Department of Bioinformatics, Pirogov Russian National Research Medical University, 117997 Moscow, Russia.
Department of Bioinformatics, Institute of Biomedical Chemistry, 119121 Moscow, Russia.
Int J Mol Sci. 2023 Jan 27;24(3):2463. doi: 10.3390/ijms24032463.

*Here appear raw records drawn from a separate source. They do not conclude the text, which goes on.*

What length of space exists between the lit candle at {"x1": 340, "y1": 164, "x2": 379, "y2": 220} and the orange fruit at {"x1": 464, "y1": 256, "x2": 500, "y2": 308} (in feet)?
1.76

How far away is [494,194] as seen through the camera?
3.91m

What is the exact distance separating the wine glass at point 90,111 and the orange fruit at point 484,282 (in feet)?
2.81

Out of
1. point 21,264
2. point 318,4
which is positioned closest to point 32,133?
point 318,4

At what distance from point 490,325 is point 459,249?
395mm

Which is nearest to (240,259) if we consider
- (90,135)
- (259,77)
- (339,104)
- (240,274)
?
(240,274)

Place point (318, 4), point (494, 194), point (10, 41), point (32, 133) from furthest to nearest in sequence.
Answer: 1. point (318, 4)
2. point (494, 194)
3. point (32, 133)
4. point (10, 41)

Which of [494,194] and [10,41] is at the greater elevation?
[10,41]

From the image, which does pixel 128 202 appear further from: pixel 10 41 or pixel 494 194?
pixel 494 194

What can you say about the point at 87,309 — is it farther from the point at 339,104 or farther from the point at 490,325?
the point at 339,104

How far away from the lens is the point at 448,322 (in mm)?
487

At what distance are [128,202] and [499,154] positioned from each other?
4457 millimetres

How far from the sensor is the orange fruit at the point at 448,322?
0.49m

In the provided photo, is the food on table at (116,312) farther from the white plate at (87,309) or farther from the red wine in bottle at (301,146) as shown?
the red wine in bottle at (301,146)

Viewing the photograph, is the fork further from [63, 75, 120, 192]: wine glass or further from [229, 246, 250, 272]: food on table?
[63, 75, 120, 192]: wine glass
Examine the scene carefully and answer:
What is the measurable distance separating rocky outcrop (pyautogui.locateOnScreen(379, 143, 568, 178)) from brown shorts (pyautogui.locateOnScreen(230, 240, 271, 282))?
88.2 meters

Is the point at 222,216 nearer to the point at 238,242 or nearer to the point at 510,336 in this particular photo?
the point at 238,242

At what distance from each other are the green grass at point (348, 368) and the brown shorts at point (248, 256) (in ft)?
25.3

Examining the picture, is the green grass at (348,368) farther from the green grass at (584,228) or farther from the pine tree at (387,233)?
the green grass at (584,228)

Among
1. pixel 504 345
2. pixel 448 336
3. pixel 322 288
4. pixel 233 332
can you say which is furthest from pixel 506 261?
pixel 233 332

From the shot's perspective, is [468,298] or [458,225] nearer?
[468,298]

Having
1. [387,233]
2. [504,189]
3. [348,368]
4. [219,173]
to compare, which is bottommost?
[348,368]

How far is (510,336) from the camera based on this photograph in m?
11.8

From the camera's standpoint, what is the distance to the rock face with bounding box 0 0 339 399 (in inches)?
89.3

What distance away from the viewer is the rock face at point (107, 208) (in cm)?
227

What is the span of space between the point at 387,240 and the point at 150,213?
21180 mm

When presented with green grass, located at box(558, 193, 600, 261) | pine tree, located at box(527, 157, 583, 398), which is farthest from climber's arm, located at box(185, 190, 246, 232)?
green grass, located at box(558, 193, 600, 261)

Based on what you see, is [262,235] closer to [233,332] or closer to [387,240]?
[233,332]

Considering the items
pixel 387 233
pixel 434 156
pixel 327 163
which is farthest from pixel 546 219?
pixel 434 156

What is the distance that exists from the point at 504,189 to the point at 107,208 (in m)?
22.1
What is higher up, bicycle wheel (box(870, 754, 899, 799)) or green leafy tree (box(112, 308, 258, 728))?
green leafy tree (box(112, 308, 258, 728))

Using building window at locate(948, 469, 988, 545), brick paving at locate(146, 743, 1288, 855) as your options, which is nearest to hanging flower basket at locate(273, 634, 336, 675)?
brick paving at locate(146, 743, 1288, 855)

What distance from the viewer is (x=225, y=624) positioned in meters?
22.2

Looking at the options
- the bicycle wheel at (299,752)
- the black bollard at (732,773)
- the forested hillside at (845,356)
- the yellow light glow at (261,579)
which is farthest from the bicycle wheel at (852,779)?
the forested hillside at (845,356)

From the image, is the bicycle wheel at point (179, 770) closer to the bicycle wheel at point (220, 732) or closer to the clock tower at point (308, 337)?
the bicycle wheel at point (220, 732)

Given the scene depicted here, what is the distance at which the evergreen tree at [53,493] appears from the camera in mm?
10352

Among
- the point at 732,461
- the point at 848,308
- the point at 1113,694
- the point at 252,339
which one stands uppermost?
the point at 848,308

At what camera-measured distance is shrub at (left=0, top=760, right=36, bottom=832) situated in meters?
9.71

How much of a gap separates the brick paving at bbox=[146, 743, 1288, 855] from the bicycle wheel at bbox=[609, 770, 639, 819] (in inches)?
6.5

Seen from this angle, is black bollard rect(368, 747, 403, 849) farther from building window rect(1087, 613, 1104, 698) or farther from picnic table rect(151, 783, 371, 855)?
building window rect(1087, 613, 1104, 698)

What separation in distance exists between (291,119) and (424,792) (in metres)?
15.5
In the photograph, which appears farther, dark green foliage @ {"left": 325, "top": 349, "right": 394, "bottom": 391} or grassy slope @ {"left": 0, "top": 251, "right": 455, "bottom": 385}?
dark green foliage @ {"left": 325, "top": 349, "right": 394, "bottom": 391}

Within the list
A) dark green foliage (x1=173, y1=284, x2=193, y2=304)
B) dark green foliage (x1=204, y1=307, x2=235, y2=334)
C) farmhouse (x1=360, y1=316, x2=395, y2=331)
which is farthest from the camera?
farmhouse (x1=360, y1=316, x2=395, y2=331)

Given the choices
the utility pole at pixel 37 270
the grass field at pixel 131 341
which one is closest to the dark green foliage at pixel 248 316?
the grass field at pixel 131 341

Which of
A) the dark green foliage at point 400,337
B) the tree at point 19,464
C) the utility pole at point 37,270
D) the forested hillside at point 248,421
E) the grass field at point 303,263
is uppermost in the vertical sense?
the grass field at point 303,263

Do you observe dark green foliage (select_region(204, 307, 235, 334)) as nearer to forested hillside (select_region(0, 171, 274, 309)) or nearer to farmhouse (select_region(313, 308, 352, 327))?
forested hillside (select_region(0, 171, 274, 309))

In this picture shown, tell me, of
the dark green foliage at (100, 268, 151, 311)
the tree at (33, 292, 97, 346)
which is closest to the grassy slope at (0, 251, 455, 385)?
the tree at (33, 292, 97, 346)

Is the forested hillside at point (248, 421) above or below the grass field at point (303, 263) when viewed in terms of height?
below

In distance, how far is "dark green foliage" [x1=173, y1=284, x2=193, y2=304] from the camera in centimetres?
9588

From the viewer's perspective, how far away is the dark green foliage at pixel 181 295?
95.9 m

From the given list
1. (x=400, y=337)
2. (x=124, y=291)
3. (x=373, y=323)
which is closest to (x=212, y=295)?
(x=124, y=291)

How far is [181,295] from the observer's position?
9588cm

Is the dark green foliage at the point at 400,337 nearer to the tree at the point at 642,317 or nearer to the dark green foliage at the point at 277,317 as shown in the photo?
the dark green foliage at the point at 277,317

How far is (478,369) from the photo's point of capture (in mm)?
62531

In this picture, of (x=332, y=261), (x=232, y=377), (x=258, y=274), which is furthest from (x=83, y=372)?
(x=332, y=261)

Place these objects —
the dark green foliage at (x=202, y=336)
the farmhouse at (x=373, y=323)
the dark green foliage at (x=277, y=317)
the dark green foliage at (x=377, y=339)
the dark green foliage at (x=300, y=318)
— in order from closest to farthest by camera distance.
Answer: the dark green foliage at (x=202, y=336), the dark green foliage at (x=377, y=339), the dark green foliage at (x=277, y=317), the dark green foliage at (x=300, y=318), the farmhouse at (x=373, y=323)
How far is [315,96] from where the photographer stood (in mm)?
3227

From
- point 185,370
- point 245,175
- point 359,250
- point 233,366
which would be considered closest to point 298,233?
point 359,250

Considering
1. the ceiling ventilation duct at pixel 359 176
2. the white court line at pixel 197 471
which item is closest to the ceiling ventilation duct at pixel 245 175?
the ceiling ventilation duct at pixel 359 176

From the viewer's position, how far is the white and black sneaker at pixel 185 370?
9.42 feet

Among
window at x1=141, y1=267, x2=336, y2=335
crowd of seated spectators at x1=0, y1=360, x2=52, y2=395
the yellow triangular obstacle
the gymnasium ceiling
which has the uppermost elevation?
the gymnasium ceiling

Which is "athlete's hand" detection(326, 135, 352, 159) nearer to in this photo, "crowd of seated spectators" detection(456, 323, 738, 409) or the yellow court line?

Next Generation Sequencing (NGS) technologies are rapidly entering clinical practice. A promising area for their use lies in the field of newborn screening. The mass screening of newborns using NGS technology leads to the discovery of a large number of new missense variants that need to be assessed for association with the development of hereditary diseases. Currently, the primary analysis and identification of pathogenic variations is carried out using bioinformatic tools. Although extensive efforts have been made in the computational approach to variant interpretation, there is currently no generally accepted pathogenicity predictor. In this study, we used the sequence-structure-property relationships (SSPR) approach, based on the representation of protein fragments by molecular structural formula. The approach predicts the pathogenic effect of single amino acid substitutions in proteins related with twenty-five monogenic heritable diseases from the Uniform Screening Panel for Major Conditions recommended by the Advisory Committee on Hereditary Disorders in Newborns and Children. In order to create SSPR models of classification, we modified a piece of cheminformatics software, MultiPASS, that was originally developed for the prediction of activity spectra for drug-like substances. The created SSPR models were compared with traditional bioinformatic tools (SIFT 4G, Polyphen-2 HDIV, MutationAssessor, PROVEAN and FATHMM). The average AUC of our approach was 0.804 ± 0.040. Better quality scores were achieved for 15 from 25 proteins with a significantly higher accuracy for some proteins (, , ). The best SSPR models of classification are freely available in the online resource SAV-Pred (Single Amino acid Variants Predictor).
下一代测序(NGS)技术正在迅速进入临床实践。它们在新生儿筛查领域的应用前景广阔。使用 NGS 技术对新生儿进行大规模筛查会发现大量新的错义变异,需要评估它们与遗传性疾病发展的关联。目前,主要使用生物信息学工具对致病变异进行分析和鉴定。尽管在变异解释的计算方法上已经进行了广泛的研究,但目前还没有普遍接受的致病性预测器。在这项研究中,我们使用了序列-结构-性质关系(SSPR)方法,该方法基于蛋白质片段的分子结构公式表示。该方法预测了与新生儿和儿童遗传性疾病咨询委员会推荐的主要疾病统一筛查面板中二十五种单基因遗传性疾病相关的蛋白质中单个氨基酸取代的致病效应。为了创建分类的 SSPR 模型,我们修改了一个原本用于预测类药性物质活性谱的化学信息学软件 MultiPASS。创建的 SSPR 模型与传统生物信息学工具(SIFT 4G、Polyphen-2 HDIV、MutationAssessor、PROVEAN 和 FATHMM)进行了比较。我们方法的平均 AUC 为 0.804 ± 0.040。对于 25 种蛋白质中的 15 种,我们的方法获得了更好的质量分数,并且对于某些蛋白质的准确性显著提高(,, )。最好的分类 SSPR 模型可在在线资源 SAV-Pred(单氨基酸变异预测器)中免费获得。